"She Doesn't Mind" is the second single from the Jamaican Dancehall recording artist Sean Paul's fifth studio album Tomahawk Technique. It was written by Sean Paul, Shellback and Benny Blanco and was produced by Shellback and Benny Blanco. It was released on 29 September 2011 on NRJ & Skyrock (French radios), and to iTunes on 31 October. and was released to U.S. mainstream radio on 24 January 2012. Like its predecessor, "Got 2 Luv U", which featured American singer Alexis Jordan, it debuted at number-one in Switzerland. Internationally, the song also topped the charts in Austria, and peaked within the top ten of the charts in several countries, including France, Germany, Israel, Norway, the Republic of Ireland, Romania and the United Kingdom.

It was featured on the European release of the video game Grand Slam Tennis 2.
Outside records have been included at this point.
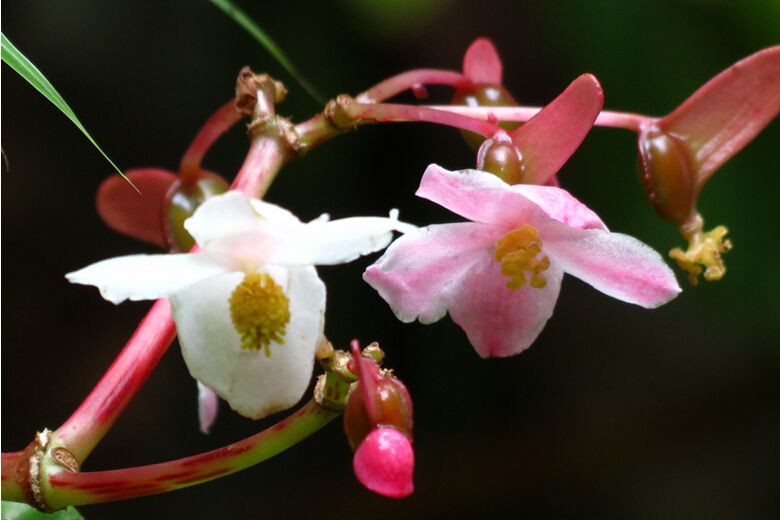 長翅秋海棠無性系1號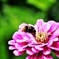 pink flower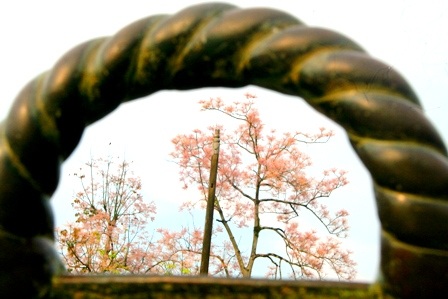 Rực sáng sắc hoa ngô đồng bên đền đài - 6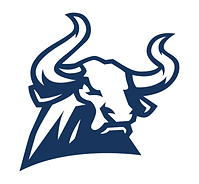 Wichita Falls Memorial High School Football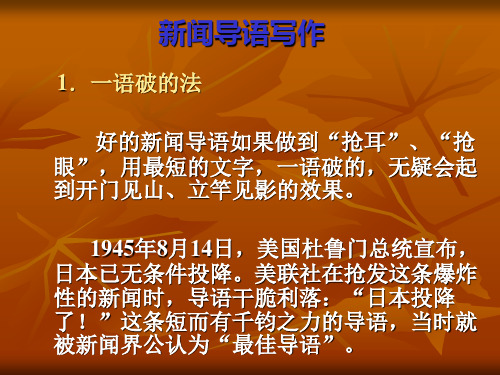 导语的写作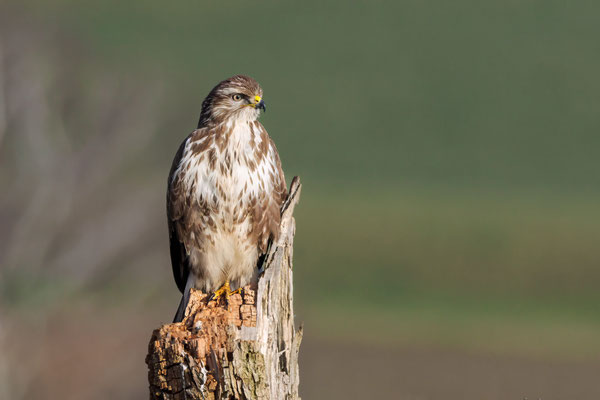 Mäusebussard - Buzzard - #3518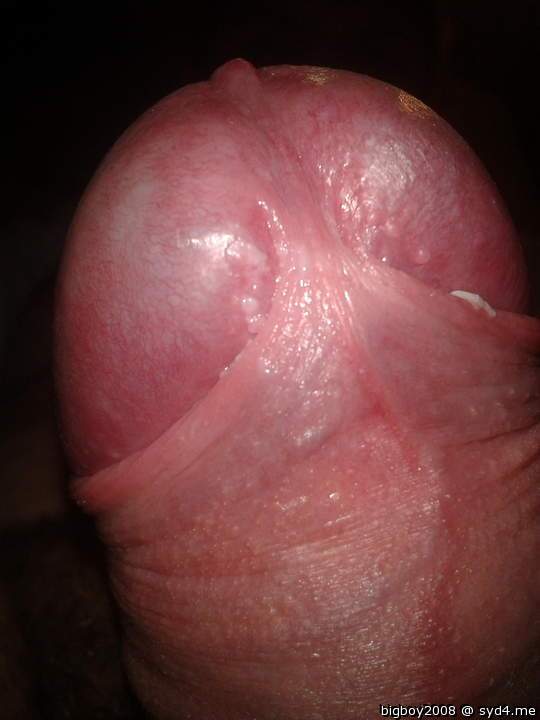 Adult image from bigboy2008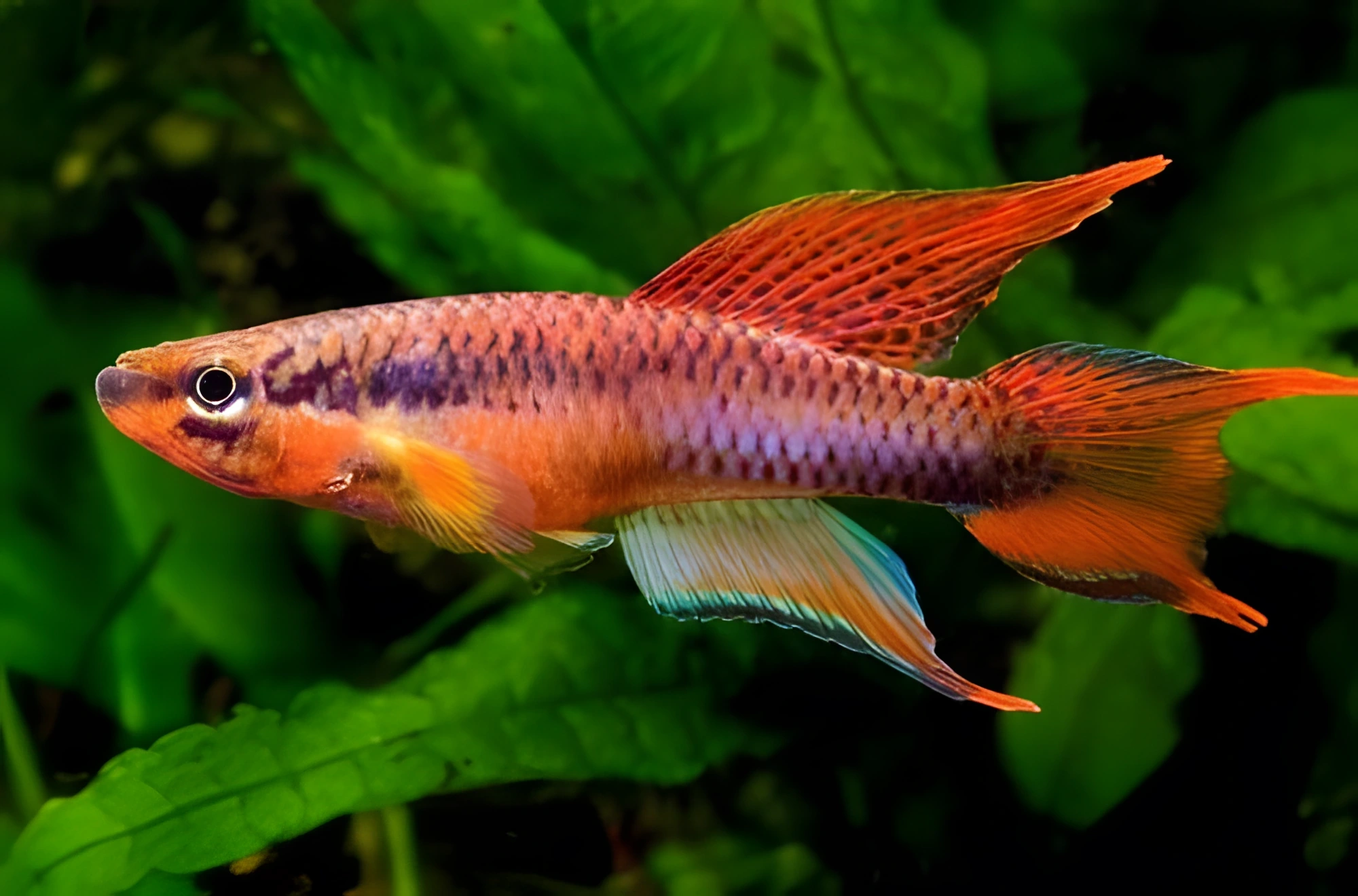 Fotografía del pez de acuario Aphyosemion de dos bandas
The official remix features American rapper Pitbull.

Music video
The official music video for "She Doesn't Mind" was released on 25 November 2011. It was directed by Evan Winter and produced by Nestor N. Rodriguez.

The music video was filmed at Long Island's MacArthur Airport in Ronkonkoma, Town of Islip, Suffolk County, New York.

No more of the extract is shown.